Your Sinclair


Mutants

Author: Rachael Smith
Publisher: Ocean
Machine: Spectrum 48K/128K

 
Published in Your Sinclair #20

Mutants

I've been out with some pretty weird types in my time but none so totally mutant as this collection of blobs, lines and what looks like animated dandruff. Throw in a handful of icons and what've you got? The newie from Denton Designs, that's what.

Or rather, that's not what because this is a conversion from the C64 and I have my suspicions that it lost out somewhere along the way. Either that or Denton has totally lost its once almighty touch.

It's a shoot 'em up combined with a minimum amount of strategy. Part one takes place a four by four grid where you try to collect fifteen parts of a self-destruct mechanism, which are reassembled in the sixteenth zone, at the top left hand corner.

Mutants

Each of the zones is a sort of inter-stellar field, bounded by an electrified fence, but their content is far more deadly than cowpats. The mutant strains that inhabit the fields are lively little things, always running about (perhaps that's how they strained themselves) and making your life a misery.

There's only one type of weapon to deal with each strain - see. I said there was an element of strategy - and you can only kit up at the mother ship, between zones. If you don't get the right one I'd suggest you make like a parasite and flee.

The control zone takes the shape of a maze, and once again you have to be careful not to collide with its walls as you search for the re-assembly point. As it isn't free of nasties, which probably escaped from an ancient Pac-Man program, you'd do well to wait until you've collected enough bits to make the risk worthwhile.

An all-right sort of game, you might think. Well, it could be if not for the fact that it shows all the signs of a hasty conversion. Your ship's reactions are poor and its movement is sluggish. Collision detection appears to be erratic - particularly in the maze.

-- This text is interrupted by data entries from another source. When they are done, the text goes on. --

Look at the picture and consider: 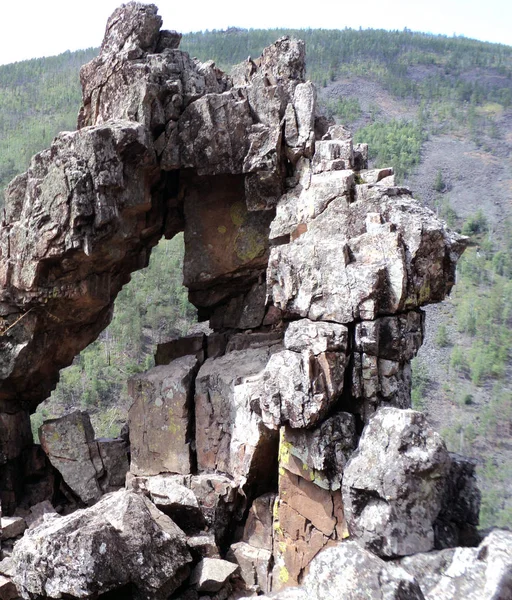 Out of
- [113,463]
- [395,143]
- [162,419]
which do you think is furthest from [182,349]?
[395,143]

It also suffers from my least favourite game-feature ever - the instant death syndrome, which doesn't give you time to escape - and on the loss of your final life there's an immediate Game Over message with singular lack of finesse. Add to that the absence of music and all but the most primitive effects and there's little to make you want to continue playing.

In fact the game is so badly balanced that I didn't reach the second level, where you take on the mutant colony, and about which the instructions are strangely vague. It may be that this half is one of the all-time classic computer games... but unless the programmers mutated along the way, somehow I doubt it.

A disappointing mutation from the Commodore that lacks the speed and playability to make it addictive.